Semgrep Static Analysis

Fast, pattern-based static analysis for security scanning and custom rule creation.

MCP Tools Available

If Semgrep MCP tools are available in your environment, prefer them for scanning:

semgrep_scan — Scan code files for security vulnerabilities using built-in rulesets. Pass absolute file paths and an optional config (e.g., p/security-audit, auto).
semgrep_scan_with_custom_rule — Scan code with a custom YAML rule you've written. Pass code content inline along with the rule.
semgrep_findings — Fetch existing findings from the Semgrep AppSec Platform for a repository.
semgrep_rule_schema — Get the full schema for writing Semgrep rules.
get_supported_languages — List all languages Semgrep supports.

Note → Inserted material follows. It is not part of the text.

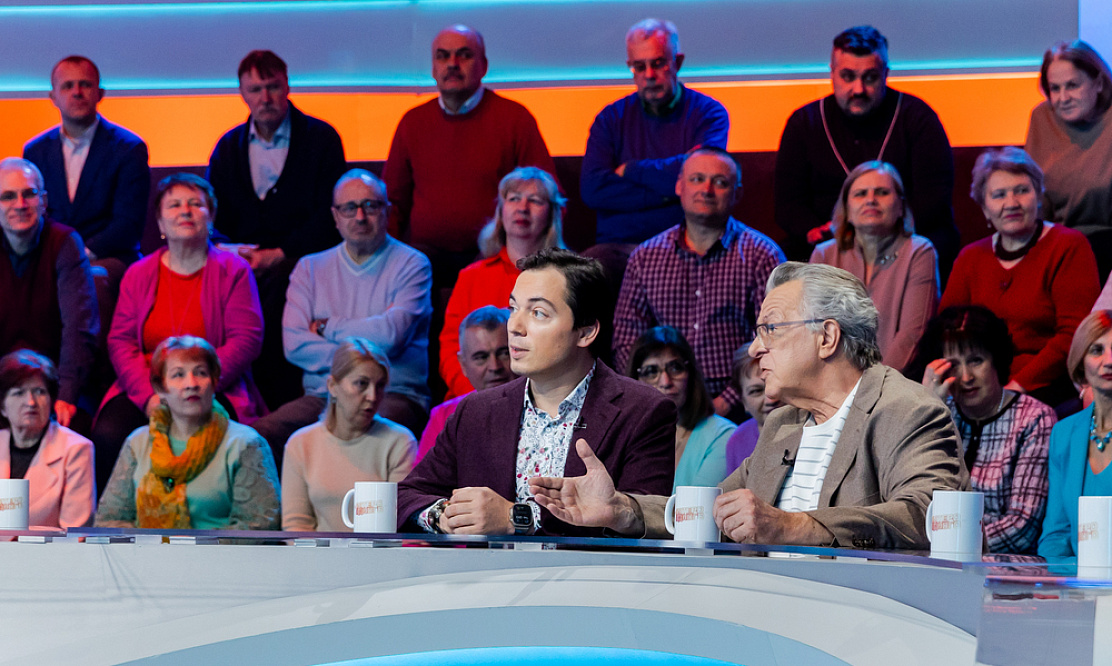 Интеллект и эрудиция: Родион Газманов сыграет в развлекательно-интеллектуальном шоу «Пятеро на одного»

When MCP tools aren't available, fall back to the CLI commands below.

When to Use Semgrep

Ideal scenarios:

Quick security scans (minutes, not hours)
Pattern-based bug and vulnerability detection
Enforcing coding standards and best practices
Finding known vulnerability patterns (OWASP, CWE)
Creating custom detection rules for your codebase
Data flow analysis with taint mode

Installation (CLI)

# pip (recommended)
python3 -m pip install semgrep

# Homebrew
brew install semgrep

# Docker
docker run --rm -v "${PWD}:/src" semgrep/semgrep semgrep --config auto /src

Part 1: Running Scans

Quick Scan

semgrep --config auto .                    # Auto-detect rules

Using Rulesets

semgrep --config p/<RULESET> .             # Single ruleset
semgrep --config p/security-audit --config p/trailofbits .  # Multiple

Ruleset	Description
`p/default`	General security and code quality
`p/security-audit`	Comprehensive security rules
`p/owasp-top-ten`	OWASP Top 10 vulnerabilities
`p/cwe-top-25`	CWE Top 25 vulnerabilities
`p/trailofbits`	Trail of Bits security rules
`p/python`	Python-specific

Output Formats

semgrep --config p/security-audit --sarif -o results.sarif .   # SARIF
semgrep --config p/security-audit --json -o results.json .     # JSON

Scan Specific Paths

semgrep --config p/python app.py           # Single file
semgrep --config p/javascript src/         # Directory
semgrep --config auto --include='**/test/**' .  # Include tests

Configuration

.semgrepignore

tests/fixtures/
**/testdata/
generated/
vendor/
node_modules/

Suppress False Positives

password = get_from_vault()  # nosemgrep: hardcoded-password
dangerous_but_safe()  # nosemgrep

Part 2: Creating Custom Rules

When to Create Custom Rules

Detecting project-specific vulnerability patterns
Enforcing internal coding standards
Building security checks for custom frameworks
Creating taint-mode rules for data flow analysis

Approach Selection

Approach	Use When
Taint mode	Data flows from untrusted source to dangerous sink (injection vulnerabilities)
Pattern matching	Syntactic patterns without data flow requirements (deprecated APIs, hardcoded values)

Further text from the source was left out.